═══ EXERCISE MATERIALS

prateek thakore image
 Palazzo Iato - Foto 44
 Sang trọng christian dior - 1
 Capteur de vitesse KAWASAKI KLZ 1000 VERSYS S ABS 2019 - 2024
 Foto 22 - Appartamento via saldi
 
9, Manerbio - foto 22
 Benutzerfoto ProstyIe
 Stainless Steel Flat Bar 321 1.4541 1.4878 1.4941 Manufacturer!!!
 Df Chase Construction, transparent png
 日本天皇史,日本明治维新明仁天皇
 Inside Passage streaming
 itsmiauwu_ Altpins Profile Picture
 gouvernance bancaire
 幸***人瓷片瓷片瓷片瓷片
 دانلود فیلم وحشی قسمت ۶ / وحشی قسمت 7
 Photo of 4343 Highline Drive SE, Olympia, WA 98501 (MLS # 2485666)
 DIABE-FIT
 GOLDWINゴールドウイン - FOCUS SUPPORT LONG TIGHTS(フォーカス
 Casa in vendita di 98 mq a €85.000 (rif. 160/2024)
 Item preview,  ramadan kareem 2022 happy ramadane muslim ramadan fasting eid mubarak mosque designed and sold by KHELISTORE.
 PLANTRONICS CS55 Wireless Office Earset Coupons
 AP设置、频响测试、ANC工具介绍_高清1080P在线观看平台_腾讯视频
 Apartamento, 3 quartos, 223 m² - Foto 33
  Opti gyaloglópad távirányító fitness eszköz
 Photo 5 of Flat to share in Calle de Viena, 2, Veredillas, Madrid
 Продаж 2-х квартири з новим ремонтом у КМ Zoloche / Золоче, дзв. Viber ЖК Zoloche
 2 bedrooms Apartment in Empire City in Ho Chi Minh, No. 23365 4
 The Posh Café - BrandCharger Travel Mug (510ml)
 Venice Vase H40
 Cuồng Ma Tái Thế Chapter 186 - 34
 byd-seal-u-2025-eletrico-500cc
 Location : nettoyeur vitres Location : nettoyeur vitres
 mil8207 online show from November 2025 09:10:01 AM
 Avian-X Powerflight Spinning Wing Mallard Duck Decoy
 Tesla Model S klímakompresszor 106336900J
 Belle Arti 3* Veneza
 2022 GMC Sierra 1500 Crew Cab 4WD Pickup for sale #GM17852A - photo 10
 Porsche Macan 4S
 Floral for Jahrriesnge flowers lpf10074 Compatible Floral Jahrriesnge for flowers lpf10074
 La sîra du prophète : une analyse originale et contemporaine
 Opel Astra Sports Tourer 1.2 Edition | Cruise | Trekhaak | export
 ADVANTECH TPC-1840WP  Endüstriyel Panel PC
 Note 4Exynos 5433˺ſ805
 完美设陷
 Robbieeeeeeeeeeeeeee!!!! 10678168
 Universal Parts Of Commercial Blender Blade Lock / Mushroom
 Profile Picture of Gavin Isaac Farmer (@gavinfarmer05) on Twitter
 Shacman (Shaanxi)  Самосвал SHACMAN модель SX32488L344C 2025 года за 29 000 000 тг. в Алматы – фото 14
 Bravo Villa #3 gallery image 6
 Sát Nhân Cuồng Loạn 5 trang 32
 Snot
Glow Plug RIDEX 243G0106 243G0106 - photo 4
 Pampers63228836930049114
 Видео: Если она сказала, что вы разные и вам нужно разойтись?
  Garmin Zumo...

══════

WORK INSTRUCTION
Look over the records above and say how many lines hold the word "Flat", giving the number alone.

ANSWER FOR THIS EXERCISE
2